WORK TO BE COMPLETED |
Your answer should consist only of the lines below from the one with "[BUNJANG] Sanrio Hello" through the one with "4 Clergy Cir — Photo 20", copied exactly.

Segment Start: EXTRACTED DATA

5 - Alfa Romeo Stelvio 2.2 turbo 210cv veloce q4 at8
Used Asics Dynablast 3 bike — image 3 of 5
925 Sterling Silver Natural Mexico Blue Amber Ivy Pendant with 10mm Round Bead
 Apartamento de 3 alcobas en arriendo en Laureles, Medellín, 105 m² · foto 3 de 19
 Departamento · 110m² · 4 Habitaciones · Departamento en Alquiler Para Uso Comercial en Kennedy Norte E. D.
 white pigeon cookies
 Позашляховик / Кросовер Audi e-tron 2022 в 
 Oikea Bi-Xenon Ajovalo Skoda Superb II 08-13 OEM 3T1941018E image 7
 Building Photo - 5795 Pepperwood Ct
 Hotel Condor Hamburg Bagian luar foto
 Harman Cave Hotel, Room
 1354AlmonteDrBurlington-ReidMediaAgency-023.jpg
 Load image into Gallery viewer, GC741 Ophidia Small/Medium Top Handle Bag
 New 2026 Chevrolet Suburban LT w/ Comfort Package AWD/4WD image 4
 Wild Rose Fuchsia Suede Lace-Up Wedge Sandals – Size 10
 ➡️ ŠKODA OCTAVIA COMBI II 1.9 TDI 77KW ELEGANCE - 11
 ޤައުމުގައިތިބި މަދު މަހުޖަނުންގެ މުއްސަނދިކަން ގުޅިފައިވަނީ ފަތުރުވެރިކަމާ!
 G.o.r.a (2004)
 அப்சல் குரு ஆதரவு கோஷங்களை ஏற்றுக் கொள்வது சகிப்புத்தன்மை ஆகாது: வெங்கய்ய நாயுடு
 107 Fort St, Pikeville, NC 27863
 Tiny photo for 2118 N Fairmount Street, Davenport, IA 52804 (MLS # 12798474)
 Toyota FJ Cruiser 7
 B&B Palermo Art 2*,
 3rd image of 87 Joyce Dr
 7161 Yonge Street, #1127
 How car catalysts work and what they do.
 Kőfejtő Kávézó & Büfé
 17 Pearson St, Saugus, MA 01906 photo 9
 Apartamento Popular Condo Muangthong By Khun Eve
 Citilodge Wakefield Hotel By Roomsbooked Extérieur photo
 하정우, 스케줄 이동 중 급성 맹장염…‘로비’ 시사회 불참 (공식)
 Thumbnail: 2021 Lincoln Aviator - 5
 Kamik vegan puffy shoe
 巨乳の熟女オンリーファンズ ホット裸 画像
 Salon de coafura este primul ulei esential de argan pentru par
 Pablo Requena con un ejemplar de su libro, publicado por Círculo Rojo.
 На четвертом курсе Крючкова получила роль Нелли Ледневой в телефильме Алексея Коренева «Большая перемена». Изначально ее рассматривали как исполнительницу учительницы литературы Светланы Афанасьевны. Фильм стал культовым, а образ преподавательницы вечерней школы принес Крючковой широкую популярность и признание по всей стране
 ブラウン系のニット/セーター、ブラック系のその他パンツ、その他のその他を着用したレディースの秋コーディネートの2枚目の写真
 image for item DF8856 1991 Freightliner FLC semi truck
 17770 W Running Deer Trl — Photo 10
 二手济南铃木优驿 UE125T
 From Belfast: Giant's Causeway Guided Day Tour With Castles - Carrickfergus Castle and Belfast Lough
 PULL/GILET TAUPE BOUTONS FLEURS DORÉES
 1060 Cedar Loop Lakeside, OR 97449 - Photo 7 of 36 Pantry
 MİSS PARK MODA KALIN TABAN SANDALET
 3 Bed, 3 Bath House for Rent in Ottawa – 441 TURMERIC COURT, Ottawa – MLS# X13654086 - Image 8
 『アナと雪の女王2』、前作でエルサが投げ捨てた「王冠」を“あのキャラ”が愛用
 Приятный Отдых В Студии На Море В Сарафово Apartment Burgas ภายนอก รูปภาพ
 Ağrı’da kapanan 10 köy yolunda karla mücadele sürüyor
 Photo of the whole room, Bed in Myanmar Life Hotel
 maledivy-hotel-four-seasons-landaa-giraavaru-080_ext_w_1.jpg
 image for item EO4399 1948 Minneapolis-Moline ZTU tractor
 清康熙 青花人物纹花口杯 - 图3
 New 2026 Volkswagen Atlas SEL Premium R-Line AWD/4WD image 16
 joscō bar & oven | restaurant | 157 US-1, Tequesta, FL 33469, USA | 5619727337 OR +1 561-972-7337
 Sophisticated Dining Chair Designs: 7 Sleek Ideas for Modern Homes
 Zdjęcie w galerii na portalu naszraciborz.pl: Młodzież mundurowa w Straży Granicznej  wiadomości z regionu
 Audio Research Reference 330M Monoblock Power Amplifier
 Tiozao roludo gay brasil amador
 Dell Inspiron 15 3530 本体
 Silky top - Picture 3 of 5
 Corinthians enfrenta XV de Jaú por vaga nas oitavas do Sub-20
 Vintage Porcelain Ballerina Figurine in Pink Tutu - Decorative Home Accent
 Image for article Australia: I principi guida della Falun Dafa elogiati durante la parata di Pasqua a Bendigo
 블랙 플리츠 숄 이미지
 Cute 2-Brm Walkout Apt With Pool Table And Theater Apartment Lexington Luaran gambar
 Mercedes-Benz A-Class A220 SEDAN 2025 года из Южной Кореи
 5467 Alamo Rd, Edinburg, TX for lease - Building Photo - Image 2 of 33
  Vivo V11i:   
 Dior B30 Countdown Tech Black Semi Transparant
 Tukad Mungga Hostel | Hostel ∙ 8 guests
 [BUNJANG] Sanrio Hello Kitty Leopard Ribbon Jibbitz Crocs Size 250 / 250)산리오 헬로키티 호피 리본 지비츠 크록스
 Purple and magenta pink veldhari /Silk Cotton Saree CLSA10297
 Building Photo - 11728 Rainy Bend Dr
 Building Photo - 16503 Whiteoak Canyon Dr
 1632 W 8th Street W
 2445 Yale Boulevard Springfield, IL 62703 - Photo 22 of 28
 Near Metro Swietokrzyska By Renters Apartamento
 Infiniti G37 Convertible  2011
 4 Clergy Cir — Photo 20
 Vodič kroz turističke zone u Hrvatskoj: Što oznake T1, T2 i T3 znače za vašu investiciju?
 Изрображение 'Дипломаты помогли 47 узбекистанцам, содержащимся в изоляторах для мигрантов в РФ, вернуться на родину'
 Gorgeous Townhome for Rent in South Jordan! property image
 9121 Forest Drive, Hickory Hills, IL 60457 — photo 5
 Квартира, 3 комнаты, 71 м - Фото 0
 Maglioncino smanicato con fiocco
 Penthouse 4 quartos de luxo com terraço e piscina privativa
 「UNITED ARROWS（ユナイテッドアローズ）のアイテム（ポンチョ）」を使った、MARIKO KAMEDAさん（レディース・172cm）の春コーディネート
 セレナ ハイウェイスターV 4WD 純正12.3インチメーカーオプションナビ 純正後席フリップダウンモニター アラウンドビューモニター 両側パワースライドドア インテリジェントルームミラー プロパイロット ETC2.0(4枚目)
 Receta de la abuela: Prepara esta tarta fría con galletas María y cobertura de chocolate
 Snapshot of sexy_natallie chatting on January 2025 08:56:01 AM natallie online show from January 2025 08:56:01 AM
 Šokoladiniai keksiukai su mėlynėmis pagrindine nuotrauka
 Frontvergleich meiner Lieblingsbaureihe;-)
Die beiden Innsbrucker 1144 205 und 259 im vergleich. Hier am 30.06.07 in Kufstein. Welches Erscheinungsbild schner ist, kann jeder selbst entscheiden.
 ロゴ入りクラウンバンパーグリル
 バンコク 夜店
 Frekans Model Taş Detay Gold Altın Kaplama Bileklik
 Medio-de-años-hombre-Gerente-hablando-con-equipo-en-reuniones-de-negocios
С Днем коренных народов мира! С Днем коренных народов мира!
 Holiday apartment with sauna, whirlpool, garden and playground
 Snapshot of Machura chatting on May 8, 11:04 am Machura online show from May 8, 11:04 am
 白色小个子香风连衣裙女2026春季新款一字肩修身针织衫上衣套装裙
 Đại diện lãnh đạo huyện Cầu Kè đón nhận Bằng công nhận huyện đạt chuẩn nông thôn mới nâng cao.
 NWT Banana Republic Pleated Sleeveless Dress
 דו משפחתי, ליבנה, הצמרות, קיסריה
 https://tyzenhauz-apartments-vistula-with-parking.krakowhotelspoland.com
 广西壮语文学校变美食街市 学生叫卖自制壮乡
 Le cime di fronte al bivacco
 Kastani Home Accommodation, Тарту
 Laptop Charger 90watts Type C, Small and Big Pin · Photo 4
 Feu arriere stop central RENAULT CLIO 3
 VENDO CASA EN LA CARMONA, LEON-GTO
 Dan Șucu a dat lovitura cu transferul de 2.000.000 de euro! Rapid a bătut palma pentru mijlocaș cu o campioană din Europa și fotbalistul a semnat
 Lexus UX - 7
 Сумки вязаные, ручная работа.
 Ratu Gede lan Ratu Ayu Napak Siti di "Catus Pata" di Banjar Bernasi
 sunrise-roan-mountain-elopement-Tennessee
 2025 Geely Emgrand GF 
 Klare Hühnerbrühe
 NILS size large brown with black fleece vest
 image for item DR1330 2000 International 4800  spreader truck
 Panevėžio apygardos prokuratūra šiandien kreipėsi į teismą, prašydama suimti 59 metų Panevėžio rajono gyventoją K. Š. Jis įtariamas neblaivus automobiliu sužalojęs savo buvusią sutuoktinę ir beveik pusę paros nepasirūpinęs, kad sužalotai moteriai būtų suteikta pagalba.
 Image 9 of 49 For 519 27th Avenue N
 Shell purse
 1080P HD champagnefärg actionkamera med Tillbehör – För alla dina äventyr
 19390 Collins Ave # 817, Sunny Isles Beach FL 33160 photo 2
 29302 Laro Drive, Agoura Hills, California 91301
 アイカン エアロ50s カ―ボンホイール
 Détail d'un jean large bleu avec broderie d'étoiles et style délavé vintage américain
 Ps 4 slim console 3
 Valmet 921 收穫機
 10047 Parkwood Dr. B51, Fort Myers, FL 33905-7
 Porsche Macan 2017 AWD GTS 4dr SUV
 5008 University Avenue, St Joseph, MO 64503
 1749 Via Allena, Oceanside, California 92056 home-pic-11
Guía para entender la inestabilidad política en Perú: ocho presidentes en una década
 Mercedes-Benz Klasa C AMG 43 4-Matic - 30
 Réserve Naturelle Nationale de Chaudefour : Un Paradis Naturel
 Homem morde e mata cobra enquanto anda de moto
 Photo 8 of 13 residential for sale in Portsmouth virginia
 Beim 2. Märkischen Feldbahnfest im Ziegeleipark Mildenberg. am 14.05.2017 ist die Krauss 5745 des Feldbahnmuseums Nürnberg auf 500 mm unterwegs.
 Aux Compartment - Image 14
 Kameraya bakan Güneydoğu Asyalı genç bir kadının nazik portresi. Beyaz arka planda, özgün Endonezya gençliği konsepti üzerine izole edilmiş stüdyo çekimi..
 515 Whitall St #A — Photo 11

Segment End: EXTRACTED DATA

RESPONSE BOX |
 [BUNJANG] Sanrio Hello Kitty Leopard Ribbon Jibbitz Crocs Size 250 / 250)산리오 헬로키티 호피 리본 지비츠 크록스
 Purple and magenta pink veldhari /Silk Cotton Saree CLSA10297
 Building Photo - 11728 Rainy Bend Dr
 Building Photo - 16503 Whiteoak Canyon Dr
 1632 W 8th Street W
 2445 Yale Boulevard Springfield, IL 62703 - Photo 22 of 28
 Near Metro Swietokrzyska By Renters Apartamento
 Infiniti G37 Convertible  2011
 4 Clergy Cir — Photo 20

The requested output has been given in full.